Start of Data excerpt
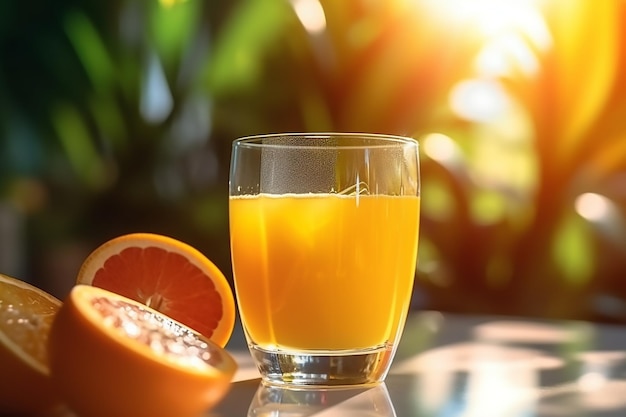 Bicchiere di succo d'arancia accanto a un bicchiere di succo d'arancia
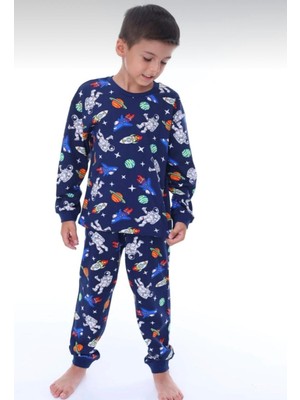 Astronot Temalı Uzay Pamuklu Erkek Pijama Takımı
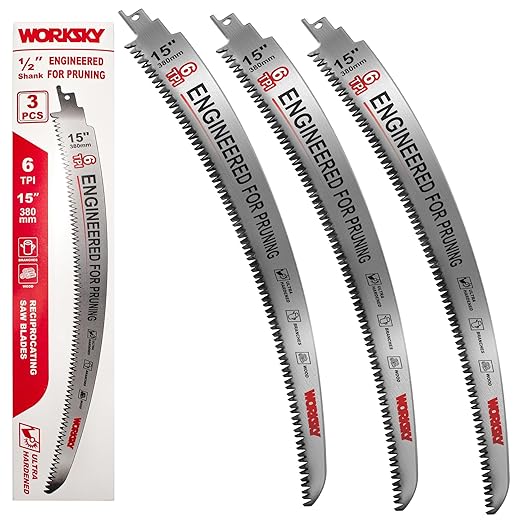 15 Inch Japanese Teeth Arc Edge Reciprocating Saw Blade, Curved Edge Wood Pruning Saw Blades 6TPI for Tree Trimming, Wood Cutting, Durable & Sharp, 3 Pieces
End of Data excerpt
◆ Exercise
The answer must be the full listing, word for word, with no images in it.

◆ Solved problem
 Bicchiere di succo d'arancia accanto a un bicchiere di succo d'arancia
 Astronot Temalı Uzay Pamuklu Erkek Pijama Takımı
 15 Inch Japanese Teeth Arc Edge Reciprocating Saw Blade, Curved Edge Wood Pruning Saw Blades 6TPI for Tree Trimming, Wood Cutting, Durable & Sharp, 3 Pieces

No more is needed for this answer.